__REQUIRED ACTION__: Would you set down the data below exactly as shown?

__SUPPLIED MATERIAL__:
- - - - - - -

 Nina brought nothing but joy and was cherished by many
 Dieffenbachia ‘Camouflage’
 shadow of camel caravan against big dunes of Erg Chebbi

- - - - - - -

__RESULT__:
 Nina brought nothing but joy and was cherished by many
 Dieffenbachia ‘Camouflage’
 shadow of camel caravan against big dunes of Erg Chebbi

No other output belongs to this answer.